Please show all lines of the records that include "Christmas".

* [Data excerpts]
--
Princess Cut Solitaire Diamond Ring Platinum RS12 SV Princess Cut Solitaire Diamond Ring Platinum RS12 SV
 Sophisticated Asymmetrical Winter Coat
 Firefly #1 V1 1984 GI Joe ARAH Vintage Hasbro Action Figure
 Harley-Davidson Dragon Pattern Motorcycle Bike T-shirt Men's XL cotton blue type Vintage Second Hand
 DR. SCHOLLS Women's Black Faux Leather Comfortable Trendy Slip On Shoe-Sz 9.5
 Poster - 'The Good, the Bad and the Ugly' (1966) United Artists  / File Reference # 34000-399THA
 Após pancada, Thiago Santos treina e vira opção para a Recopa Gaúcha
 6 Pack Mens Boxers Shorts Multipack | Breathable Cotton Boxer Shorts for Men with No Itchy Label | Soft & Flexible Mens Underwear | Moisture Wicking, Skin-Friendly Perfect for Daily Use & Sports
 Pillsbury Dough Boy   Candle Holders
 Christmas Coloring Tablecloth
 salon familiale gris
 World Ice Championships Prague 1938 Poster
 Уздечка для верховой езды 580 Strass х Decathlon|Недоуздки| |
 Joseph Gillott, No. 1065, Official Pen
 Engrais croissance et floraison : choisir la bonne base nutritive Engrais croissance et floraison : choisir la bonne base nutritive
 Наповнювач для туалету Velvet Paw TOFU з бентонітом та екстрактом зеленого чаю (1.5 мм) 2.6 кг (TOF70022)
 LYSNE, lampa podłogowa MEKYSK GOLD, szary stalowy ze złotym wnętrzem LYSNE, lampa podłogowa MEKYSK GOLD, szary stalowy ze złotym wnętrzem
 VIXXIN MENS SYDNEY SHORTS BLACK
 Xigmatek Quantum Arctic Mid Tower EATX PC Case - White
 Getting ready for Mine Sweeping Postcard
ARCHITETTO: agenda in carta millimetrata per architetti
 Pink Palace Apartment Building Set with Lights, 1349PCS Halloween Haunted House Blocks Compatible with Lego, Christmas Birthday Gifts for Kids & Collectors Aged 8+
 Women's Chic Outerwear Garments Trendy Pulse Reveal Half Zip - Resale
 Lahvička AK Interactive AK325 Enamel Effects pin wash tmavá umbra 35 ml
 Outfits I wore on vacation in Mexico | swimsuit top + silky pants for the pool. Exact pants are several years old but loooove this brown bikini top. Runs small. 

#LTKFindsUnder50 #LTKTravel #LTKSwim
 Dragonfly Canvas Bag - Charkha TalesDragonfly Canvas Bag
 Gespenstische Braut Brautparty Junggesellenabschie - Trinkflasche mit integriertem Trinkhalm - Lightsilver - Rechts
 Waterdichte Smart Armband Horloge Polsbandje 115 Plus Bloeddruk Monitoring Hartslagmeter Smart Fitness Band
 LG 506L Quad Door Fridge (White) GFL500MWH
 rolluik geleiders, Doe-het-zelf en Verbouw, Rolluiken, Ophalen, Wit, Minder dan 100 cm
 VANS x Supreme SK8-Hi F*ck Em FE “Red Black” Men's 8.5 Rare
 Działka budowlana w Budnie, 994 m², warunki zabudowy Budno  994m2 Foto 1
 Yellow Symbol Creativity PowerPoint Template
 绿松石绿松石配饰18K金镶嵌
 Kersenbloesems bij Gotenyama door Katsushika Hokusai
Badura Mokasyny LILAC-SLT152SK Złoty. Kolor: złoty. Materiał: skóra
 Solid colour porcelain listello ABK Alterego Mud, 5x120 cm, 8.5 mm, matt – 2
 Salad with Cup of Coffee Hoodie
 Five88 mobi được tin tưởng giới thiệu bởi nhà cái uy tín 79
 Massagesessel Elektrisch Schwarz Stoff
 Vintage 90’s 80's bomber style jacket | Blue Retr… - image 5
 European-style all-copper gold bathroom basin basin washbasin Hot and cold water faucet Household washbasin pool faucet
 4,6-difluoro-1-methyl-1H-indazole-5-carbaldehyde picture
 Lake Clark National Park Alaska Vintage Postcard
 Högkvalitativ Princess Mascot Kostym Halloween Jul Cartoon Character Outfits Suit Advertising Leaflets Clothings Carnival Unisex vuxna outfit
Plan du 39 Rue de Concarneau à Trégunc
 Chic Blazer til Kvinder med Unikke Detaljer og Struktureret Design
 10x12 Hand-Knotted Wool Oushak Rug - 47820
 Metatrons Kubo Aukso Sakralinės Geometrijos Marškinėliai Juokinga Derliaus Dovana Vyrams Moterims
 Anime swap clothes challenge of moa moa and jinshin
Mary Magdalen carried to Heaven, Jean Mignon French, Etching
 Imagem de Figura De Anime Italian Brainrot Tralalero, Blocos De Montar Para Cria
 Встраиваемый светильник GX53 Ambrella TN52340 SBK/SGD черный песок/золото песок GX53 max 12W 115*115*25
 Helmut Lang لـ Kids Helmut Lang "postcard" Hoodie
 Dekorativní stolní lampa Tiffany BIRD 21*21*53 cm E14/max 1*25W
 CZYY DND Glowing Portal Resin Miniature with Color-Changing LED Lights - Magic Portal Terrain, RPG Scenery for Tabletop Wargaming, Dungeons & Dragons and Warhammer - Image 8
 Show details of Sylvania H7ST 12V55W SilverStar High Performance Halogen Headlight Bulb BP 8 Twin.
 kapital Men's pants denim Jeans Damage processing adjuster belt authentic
--
* [Completed exercise]
 Christmas Coloring Tablecloth
 Pink Palace Apartment Building Set with Lights, 1349PCS Halloween Haunted House Blocks Compatible with Lego, Christmas Birthday Gifts for Kids & Collectors Aged 8+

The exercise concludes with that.